• [INFORMATION SHOWN]:
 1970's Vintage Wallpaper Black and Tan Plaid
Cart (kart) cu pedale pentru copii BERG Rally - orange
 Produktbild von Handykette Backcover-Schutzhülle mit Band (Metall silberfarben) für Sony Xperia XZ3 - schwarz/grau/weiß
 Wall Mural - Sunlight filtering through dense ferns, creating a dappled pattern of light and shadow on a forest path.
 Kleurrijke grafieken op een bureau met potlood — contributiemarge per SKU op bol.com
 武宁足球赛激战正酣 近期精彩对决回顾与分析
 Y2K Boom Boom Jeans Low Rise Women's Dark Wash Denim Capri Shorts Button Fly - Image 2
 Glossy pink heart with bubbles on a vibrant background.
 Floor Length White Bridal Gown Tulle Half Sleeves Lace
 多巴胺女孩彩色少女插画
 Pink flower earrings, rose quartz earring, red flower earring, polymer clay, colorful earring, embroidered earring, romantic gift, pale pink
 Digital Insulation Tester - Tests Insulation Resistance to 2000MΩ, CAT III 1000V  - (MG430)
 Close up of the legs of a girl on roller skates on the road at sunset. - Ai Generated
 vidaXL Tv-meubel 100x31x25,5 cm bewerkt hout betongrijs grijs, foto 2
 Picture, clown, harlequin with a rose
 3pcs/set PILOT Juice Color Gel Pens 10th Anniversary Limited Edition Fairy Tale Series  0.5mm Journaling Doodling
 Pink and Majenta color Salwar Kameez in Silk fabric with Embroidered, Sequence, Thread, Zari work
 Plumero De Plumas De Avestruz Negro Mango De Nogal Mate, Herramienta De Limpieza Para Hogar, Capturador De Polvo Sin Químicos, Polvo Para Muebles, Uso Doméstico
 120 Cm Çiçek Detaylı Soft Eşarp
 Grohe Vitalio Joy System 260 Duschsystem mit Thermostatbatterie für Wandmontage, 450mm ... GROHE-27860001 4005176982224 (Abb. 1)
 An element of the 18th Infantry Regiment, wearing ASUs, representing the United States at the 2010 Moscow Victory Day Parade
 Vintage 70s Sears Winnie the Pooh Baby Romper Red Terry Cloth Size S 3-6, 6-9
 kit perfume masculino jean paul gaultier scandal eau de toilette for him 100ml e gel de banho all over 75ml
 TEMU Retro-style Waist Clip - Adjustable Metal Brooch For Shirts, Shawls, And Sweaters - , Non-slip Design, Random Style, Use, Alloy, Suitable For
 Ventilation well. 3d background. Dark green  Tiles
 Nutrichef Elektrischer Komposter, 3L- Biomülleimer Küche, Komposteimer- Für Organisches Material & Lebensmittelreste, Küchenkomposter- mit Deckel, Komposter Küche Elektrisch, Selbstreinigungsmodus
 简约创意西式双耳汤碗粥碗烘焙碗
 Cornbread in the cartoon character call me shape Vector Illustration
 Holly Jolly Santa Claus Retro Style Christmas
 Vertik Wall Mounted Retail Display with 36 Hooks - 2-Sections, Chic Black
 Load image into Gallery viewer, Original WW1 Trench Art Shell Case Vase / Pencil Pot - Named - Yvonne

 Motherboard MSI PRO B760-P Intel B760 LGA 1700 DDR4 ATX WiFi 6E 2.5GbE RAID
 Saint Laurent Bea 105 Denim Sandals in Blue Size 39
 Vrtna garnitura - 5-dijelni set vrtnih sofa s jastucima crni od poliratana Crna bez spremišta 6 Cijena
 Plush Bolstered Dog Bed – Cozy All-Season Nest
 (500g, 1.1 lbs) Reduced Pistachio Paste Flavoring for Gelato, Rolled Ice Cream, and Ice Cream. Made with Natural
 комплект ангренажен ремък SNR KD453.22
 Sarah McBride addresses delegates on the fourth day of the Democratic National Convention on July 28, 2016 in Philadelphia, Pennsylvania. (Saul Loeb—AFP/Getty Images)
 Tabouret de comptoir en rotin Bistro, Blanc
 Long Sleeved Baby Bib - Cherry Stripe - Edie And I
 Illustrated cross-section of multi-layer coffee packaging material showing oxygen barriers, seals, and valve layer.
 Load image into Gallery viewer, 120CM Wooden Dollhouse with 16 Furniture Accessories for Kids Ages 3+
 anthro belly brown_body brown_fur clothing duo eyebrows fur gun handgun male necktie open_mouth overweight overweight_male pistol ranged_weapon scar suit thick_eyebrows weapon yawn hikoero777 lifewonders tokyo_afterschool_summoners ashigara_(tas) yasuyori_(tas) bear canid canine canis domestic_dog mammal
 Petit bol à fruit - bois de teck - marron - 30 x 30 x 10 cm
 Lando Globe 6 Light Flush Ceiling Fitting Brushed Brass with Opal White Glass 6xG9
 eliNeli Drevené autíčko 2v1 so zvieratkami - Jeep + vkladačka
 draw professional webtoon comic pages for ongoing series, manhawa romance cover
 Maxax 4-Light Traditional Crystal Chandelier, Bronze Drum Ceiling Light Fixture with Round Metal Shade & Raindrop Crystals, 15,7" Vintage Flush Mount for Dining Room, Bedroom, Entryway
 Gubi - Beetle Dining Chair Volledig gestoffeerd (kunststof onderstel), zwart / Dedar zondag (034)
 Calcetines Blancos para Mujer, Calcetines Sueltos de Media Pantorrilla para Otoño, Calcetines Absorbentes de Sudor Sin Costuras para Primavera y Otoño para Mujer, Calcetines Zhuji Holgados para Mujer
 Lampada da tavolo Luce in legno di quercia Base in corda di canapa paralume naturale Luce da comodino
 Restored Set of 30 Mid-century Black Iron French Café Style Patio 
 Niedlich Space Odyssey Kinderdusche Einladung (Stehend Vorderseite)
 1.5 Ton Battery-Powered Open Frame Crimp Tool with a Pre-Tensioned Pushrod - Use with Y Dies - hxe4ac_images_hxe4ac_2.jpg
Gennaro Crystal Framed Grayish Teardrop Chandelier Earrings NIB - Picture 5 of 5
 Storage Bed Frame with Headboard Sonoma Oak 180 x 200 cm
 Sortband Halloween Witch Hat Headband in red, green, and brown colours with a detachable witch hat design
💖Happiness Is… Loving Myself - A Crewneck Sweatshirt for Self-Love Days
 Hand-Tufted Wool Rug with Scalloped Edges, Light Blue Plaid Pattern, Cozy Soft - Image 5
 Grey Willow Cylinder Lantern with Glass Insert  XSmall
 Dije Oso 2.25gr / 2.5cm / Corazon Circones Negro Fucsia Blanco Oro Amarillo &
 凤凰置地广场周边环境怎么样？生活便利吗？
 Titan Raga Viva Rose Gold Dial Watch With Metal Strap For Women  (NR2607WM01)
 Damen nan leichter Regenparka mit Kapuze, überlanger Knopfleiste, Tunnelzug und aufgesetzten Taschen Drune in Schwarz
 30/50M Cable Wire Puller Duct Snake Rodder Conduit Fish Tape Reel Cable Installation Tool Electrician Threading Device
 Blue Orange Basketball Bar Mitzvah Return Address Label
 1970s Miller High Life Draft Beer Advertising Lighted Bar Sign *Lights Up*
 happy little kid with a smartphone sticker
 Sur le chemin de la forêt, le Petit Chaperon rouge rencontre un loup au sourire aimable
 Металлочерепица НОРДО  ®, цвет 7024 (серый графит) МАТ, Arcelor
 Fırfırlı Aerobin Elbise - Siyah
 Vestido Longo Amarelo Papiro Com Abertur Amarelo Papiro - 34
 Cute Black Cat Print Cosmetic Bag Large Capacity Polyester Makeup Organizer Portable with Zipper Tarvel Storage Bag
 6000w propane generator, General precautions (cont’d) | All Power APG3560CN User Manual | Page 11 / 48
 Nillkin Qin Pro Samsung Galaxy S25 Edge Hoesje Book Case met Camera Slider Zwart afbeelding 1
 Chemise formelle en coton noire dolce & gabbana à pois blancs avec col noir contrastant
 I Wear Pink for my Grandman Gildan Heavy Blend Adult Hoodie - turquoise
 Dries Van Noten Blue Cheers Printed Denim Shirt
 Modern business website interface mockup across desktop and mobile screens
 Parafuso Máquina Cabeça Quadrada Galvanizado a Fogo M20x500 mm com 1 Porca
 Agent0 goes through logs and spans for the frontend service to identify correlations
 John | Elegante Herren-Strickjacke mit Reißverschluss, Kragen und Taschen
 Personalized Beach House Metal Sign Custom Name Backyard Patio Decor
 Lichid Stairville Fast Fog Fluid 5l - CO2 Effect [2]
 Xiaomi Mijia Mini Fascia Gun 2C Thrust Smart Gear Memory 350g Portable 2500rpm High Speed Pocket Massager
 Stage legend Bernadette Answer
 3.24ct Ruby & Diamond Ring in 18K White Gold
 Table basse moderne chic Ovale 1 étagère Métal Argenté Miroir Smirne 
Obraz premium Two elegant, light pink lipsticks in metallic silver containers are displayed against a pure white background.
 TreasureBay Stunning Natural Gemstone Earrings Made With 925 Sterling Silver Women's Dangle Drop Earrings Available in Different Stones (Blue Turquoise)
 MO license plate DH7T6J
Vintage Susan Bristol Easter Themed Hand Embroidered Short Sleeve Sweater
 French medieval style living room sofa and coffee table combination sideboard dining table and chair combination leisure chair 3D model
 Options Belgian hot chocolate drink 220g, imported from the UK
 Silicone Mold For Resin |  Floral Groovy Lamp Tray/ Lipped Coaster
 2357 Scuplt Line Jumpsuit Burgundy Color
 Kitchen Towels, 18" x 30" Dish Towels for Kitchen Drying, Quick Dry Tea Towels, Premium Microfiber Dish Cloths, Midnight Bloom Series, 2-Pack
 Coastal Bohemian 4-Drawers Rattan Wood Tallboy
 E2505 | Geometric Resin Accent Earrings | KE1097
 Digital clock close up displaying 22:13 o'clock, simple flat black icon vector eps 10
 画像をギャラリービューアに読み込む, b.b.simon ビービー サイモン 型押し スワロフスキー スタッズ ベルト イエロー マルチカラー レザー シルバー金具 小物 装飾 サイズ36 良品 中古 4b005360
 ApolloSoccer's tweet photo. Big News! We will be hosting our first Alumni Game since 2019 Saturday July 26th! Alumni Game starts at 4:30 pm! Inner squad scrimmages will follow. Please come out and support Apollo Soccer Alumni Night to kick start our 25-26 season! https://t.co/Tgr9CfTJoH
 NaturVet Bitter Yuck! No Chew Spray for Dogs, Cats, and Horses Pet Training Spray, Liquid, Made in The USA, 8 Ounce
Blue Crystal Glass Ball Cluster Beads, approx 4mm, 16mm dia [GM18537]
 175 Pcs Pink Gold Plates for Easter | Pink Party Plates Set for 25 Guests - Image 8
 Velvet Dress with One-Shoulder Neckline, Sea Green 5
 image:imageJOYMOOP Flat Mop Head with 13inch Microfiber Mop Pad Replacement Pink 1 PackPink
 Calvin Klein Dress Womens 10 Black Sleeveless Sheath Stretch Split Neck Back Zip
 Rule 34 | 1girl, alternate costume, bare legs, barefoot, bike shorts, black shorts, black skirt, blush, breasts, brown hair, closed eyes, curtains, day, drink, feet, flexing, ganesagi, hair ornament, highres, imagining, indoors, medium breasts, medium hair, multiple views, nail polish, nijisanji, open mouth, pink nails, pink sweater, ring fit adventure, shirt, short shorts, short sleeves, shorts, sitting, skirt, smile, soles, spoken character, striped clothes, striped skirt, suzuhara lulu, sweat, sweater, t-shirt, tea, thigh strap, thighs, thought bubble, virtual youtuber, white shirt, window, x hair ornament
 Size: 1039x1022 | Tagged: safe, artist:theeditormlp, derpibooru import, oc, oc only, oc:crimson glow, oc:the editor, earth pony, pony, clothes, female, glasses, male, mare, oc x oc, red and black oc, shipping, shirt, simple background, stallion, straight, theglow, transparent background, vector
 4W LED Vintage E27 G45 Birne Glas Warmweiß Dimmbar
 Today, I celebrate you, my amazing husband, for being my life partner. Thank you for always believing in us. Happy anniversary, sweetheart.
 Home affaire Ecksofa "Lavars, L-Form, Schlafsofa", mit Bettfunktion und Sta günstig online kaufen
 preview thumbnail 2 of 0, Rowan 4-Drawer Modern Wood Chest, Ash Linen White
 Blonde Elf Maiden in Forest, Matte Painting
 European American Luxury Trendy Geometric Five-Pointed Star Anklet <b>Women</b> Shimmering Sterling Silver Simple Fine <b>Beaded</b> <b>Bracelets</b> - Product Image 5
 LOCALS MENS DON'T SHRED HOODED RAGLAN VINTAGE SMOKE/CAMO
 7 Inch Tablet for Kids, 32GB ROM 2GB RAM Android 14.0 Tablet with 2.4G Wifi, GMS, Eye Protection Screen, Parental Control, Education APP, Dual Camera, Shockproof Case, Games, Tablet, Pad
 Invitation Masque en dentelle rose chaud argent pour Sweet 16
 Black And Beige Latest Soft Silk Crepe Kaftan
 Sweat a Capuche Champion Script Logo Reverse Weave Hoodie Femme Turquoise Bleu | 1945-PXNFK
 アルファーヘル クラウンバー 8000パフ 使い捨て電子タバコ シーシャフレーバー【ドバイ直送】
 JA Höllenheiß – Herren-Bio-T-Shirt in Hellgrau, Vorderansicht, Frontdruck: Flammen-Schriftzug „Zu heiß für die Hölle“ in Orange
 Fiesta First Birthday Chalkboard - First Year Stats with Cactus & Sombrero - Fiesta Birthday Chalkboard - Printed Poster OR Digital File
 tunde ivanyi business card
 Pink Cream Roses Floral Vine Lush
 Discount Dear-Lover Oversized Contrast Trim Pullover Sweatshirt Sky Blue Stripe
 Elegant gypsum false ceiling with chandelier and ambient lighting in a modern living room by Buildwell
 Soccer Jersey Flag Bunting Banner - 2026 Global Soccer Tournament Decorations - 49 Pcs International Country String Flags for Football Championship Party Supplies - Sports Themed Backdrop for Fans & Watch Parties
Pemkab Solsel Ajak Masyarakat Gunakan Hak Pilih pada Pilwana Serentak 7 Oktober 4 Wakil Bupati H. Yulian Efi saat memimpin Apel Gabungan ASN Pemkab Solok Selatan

• [TASK]:
Return only the lines between the one holding "Load image into Gallery viewer, Original" and the one holding "(500g, 1.1 lbs)", inclusive, exactly as they appear above.

• [OUTPUT BELOW]:
 Load image into Gallery viewer, Original WW1 Trench Art Shell Case Vase / Pencil Pot - Named - Yvonne

 Motherboard MSI PRO B760-P Intel B760 LGA 1700 DDR4 ATX WiFi 6E 2.5GbE RAID
 Saint Laurent Bea 105 Denim Sandals in Blue Size 39
 Vrtna garnitura - 5-dijelni set vrtnih sofa s jastucima crni od poliratana Crna bez spremišta 6 Cijena
 Plush Bolstered Dog Bed – Cozy All-Season Nest
 (500g, 1.1 lbs) Reduced Pistachio Paste Flavoring for Gelato, Rolled Ice Cream, and Ice Cream. Made with Natural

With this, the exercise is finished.